Even in the absence of First Amendment considerations, an ordinance regulating the right to engage in a lawful occupation or business must bear a rational relationship to a valid governmental purpose. [Citations omitted.] Accordingly, standards for excluding persons from engaging in such commercial activities must bear some reasonable relation to their qualifications to engage in those activities. [Citations omitted.] In the present case we perceive no reasonable relation between the qualifica*759tions of an applicant to operate a bookstore and any past conviction of any of the vast number of crimes listed in section 329.4 he or any of his coparticipants may have suffered.
Participants in the business of selling books require no special expertise. They are not like doctors or lawyers or school teachers whose past criminal convictions are often directly related to their occupational qualifications and may therefore be reasonably invoked to bar them from practicing their professions. [Citations omitted.] . . .

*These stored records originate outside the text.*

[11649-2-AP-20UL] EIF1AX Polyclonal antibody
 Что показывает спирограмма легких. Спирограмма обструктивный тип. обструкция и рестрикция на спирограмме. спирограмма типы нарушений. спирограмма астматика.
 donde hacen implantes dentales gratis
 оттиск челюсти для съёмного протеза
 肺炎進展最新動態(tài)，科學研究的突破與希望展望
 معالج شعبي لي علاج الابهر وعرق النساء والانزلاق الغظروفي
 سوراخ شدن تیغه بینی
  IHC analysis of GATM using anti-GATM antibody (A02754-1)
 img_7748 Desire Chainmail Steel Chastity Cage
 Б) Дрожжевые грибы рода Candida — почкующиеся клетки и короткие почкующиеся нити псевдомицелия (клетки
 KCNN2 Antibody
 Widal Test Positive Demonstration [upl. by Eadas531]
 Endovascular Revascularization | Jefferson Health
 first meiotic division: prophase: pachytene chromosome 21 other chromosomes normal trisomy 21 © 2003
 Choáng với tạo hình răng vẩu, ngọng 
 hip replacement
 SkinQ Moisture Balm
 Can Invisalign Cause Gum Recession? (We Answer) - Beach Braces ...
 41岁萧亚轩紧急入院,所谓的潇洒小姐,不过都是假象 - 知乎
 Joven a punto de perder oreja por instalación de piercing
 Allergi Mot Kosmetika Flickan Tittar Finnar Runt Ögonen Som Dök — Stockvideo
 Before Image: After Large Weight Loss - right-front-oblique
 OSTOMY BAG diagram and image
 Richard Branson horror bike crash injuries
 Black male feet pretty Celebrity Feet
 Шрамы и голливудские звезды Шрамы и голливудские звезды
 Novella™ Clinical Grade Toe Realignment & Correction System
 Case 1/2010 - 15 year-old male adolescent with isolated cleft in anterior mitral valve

It is contended, however, that at least as to crimes involving obscenity, there is a reasonable relationship between conviction of such crimes and the operation of a bookstore. Accordingly, it is urged that the commission lawfully denied petitioner’s application for a license on the basis of his conviction for violating Penal Code section 311.2. This contention cannot stand in the face of the First Amendment. . . . [S]ince a denial of a license would prohibit petitioner from engaging in an activity protected by the First Amendment, it could only be justified, even under a narrowly drawn ordinance, if permitting a person who had been convicted of a crime involving obscenity to operate a bookstore constituted a clear and present danger of a serious, substantive evil. [Citations omitted.] No such clear and present danger appears. We cannot assume that because petitioner was once convicted of violating Penal Code section ,311.2, he will violate it again-, or that if he does so, criminal sanctions will not afford an adequate remedy. . . .
To interpret the ordinance in this case to permit denial of a license because of a past conviction of violating Penal Code section 311.2 would do more than create a hazard to protected freedoms; it would suppress them altogether. The penalty for violating section 311.2 does not include a forfeiture of First Amendment rights, and the risk that criminal sanctions will be insufficient to deter future violations of that section cannot justify the county’s attempted forfeiture of those rights on the theory that past violators are unfit to operate bookstores.
(Footnote omitted.) 5 Cal. 3d at 663.
The rationale of that opinion is in complete harmony with our cases dealing with the licensing powers of municipalities and their powers of censorship. We adopt it here*760with and hold, as did that court, that a municipality may not use its power to license theaters as a tool of blanket censorship, as was done in this case.
The ordinance being unconstitutional upon its face, the respondents committed no crime in operating their motion picture theaters without having first obtained the licenses required under its terms.
The judgments are affirmed.
Finley, Hamilton, Stafford, Wright, and Utter, JJ., concur.
We are here concerned only with the power of municipalities to license businesses. Other considerations apply in the licensing of vocations and professions such as teaching, and the practices of medicine and the law. See 16 Am. Jur. 2d Constitutional Law § 323 (1964).